# Provided data:
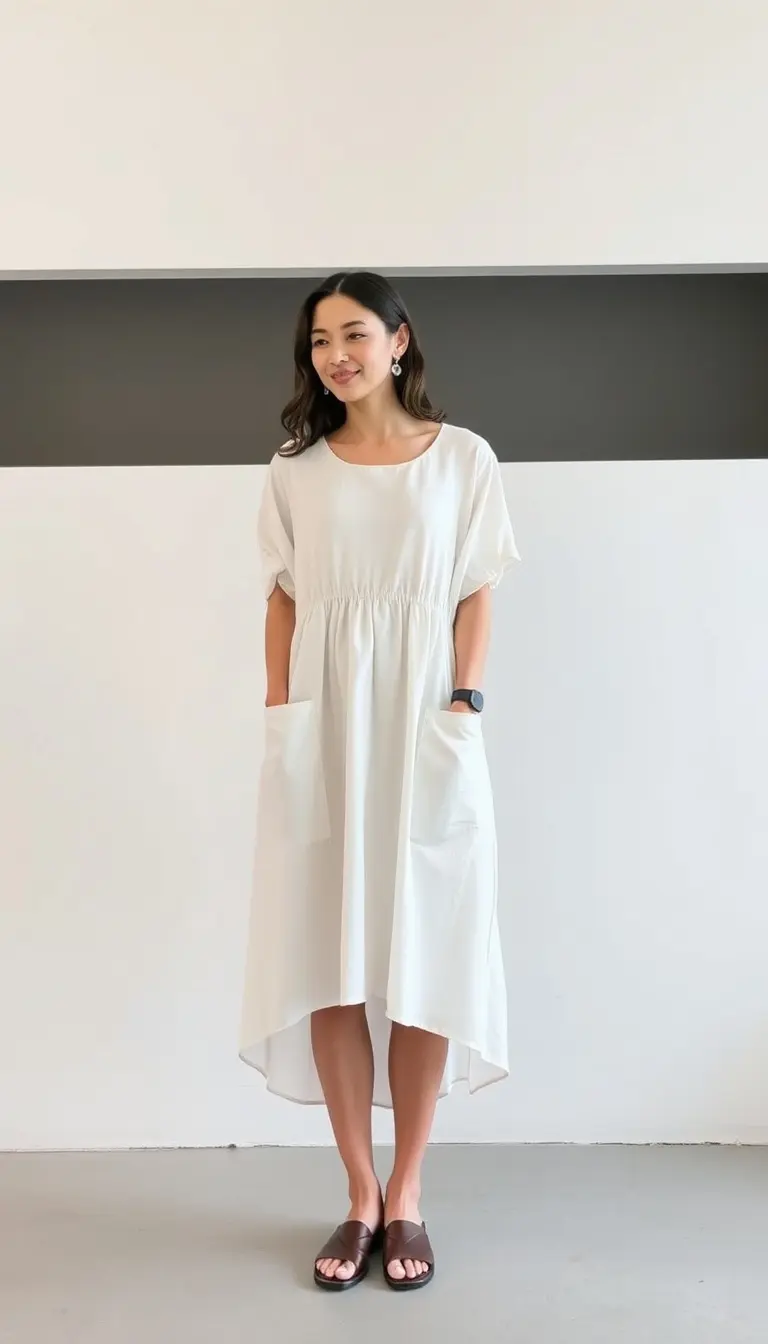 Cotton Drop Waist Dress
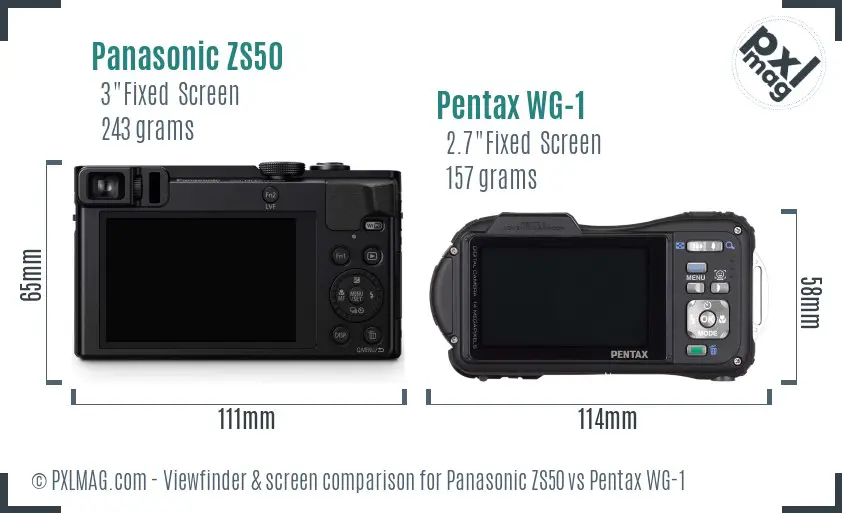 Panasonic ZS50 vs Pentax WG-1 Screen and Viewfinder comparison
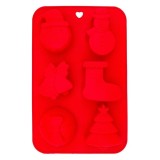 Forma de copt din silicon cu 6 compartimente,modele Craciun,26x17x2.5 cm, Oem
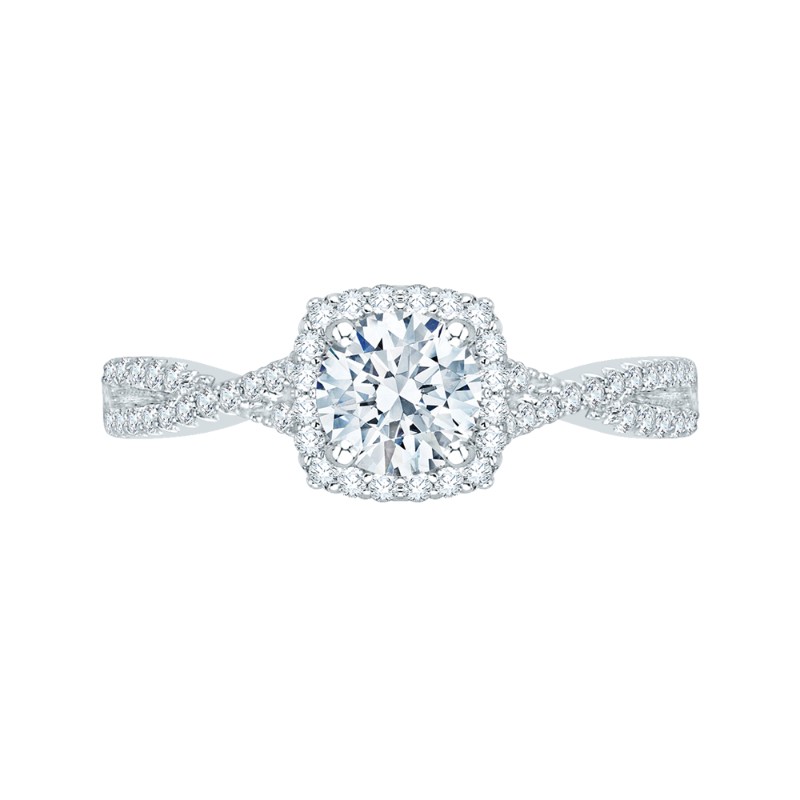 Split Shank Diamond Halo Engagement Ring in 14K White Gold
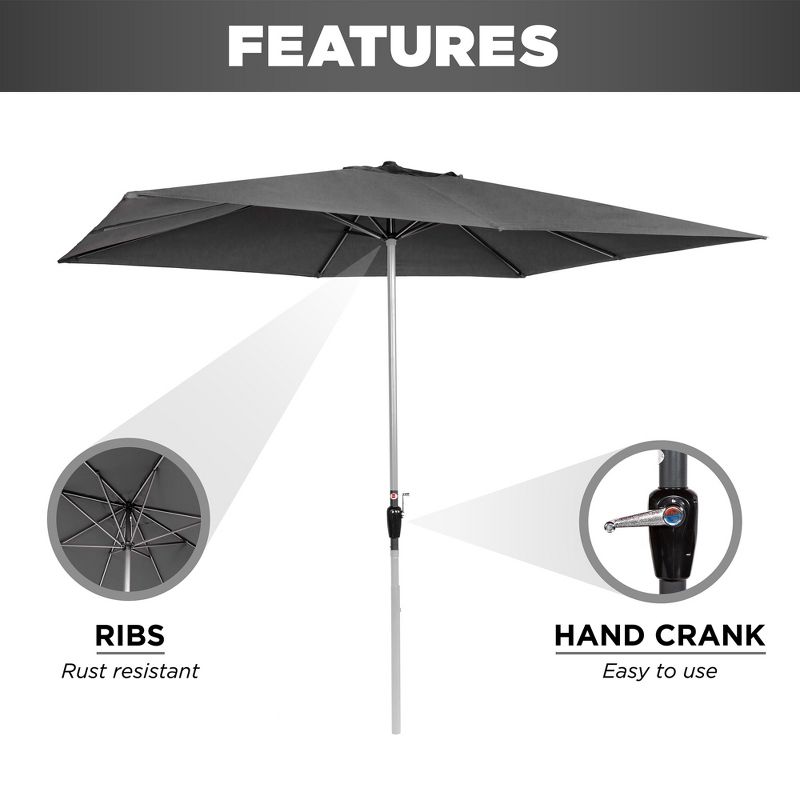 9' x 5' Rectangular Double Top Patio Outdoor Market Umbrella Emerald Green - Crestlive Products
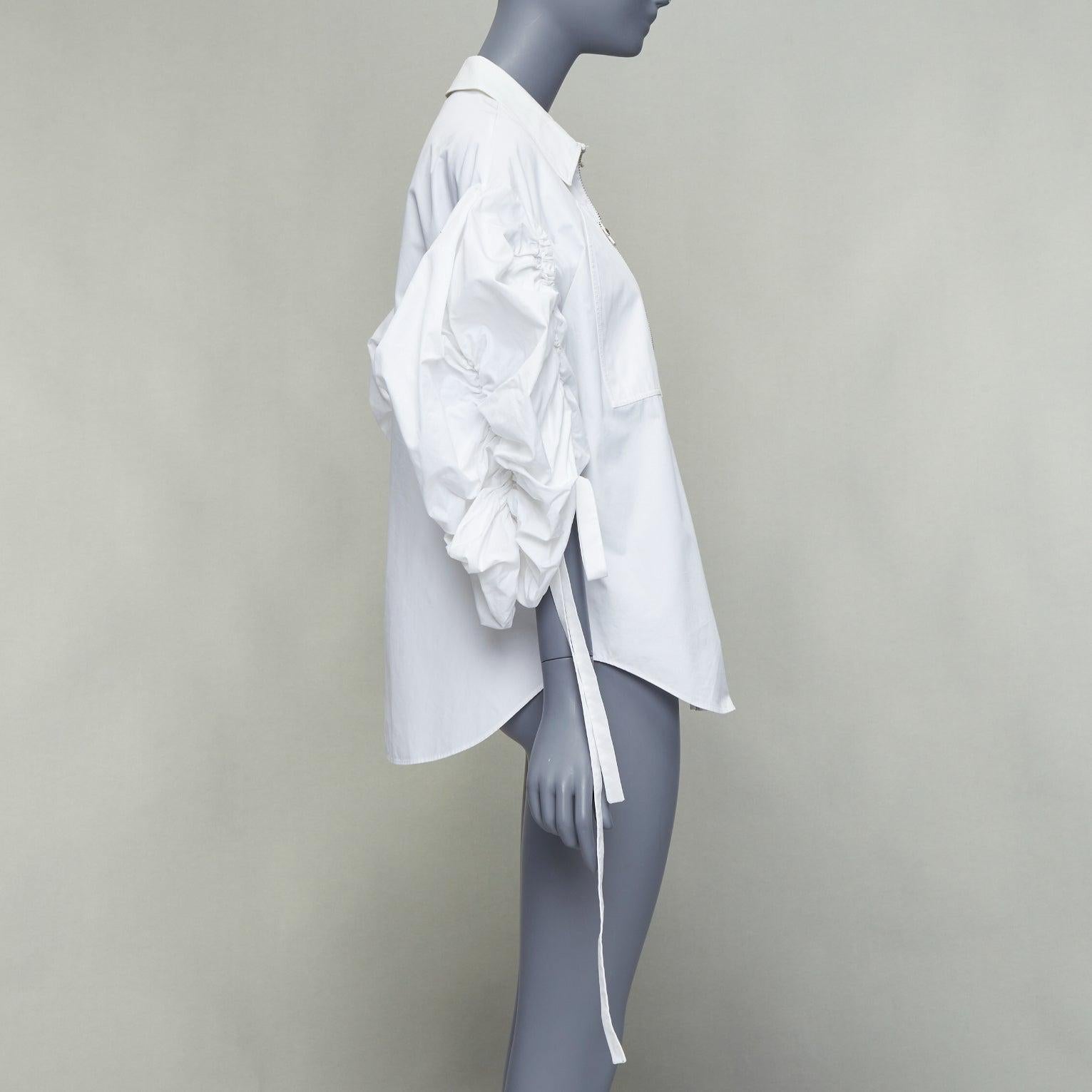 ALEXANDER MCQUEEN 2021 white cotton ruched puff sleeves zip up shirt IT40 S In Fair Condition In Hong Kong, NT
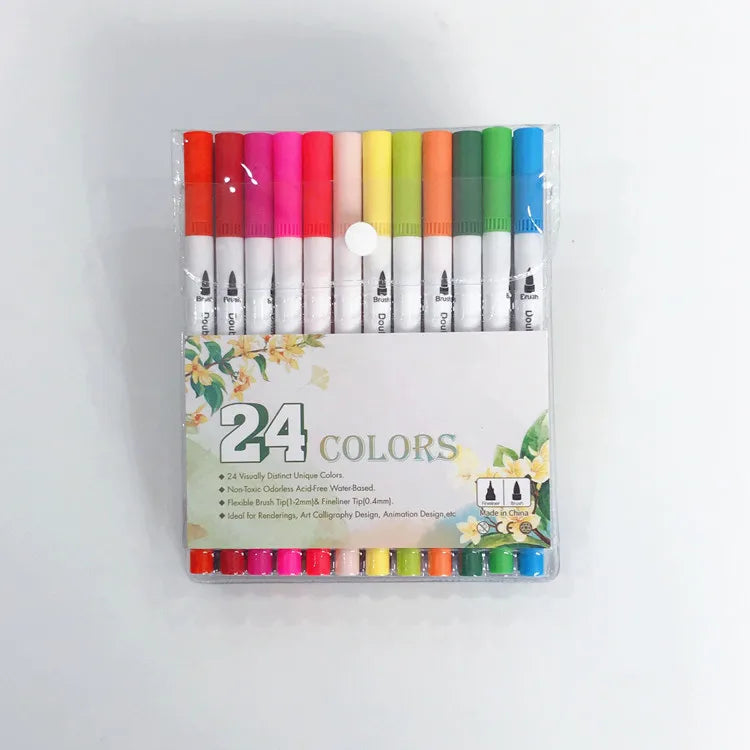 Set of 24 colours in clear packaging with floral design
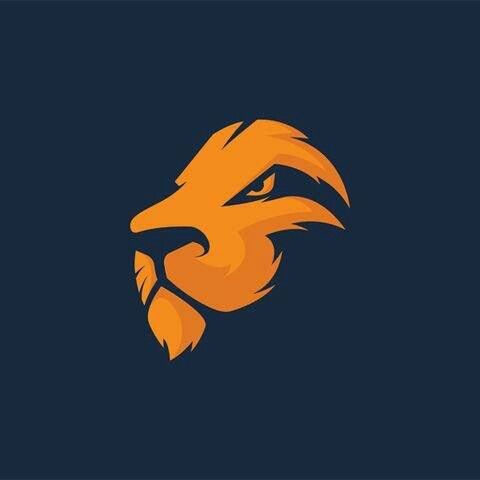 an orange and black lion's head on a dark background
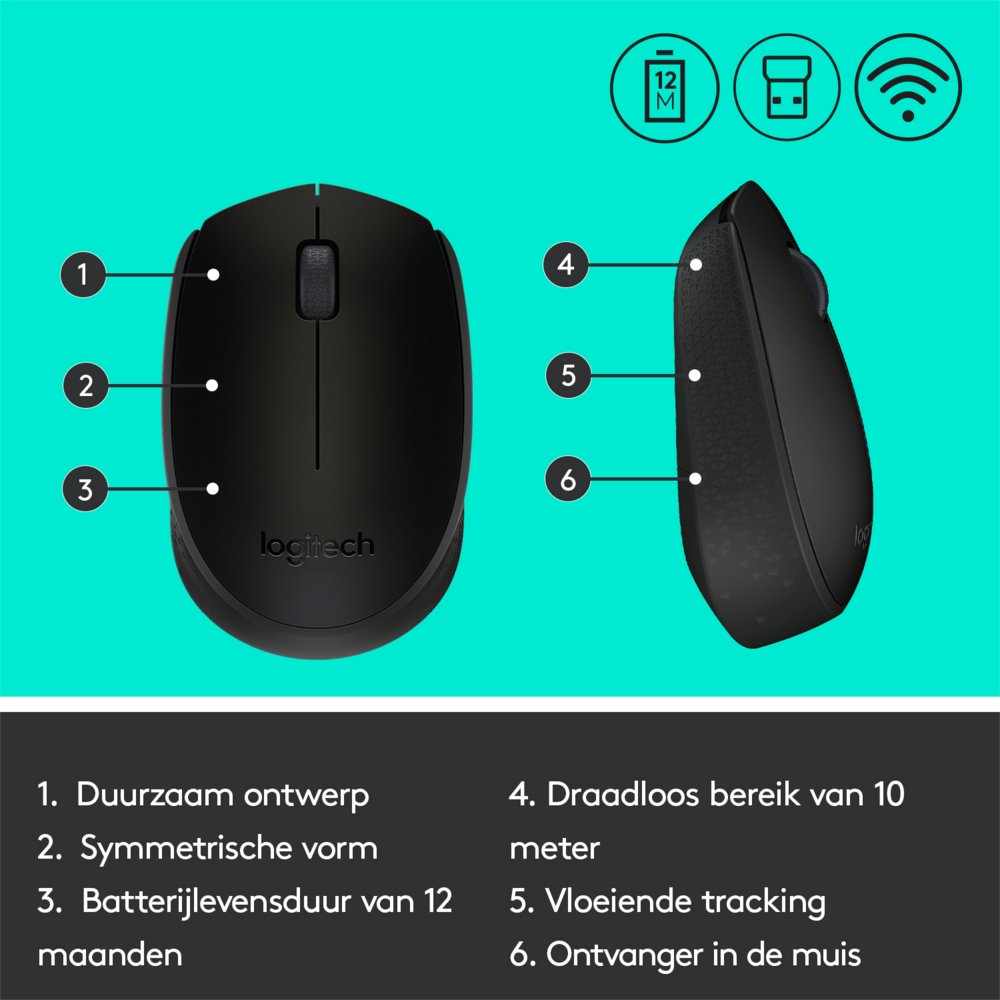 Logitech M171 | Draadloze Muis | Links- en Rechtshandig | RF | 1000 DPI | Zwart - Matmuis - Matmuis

# Task prompt:
Write out each entry above once more, exactly as written, and drop the pictures.

# Your solution:
 Cotton Drop Waist Dress
 Panasonic ZS50 vs Pentax WG-1 Screen and Viewfinder comparison
 Forma de copt din silicon cu 6 compartimente,modele Craciun,26x17x2.5 cm, Oem
 Split Shank Diamond Halo Engagement Ring in 14K White Gold
 9' x 5' Rectangular Double Top Patio Outdoor Market Umbrella Emerald Green - Crestlive Products
 ALEXANDER MCQUEEN 2021 white cotton ruched puff sleeves zip up shirt IT40 S In Fair Condition In Hong Kong, NT
 Set of 24 colours in clear packaging with floral design
 an orange and black lion's head on a dark background
 Logitech M171 | Draadloze Muis | Links- en Rechtshandig | RF | 1000 DPI | Zwart - Matmuis - Matmuis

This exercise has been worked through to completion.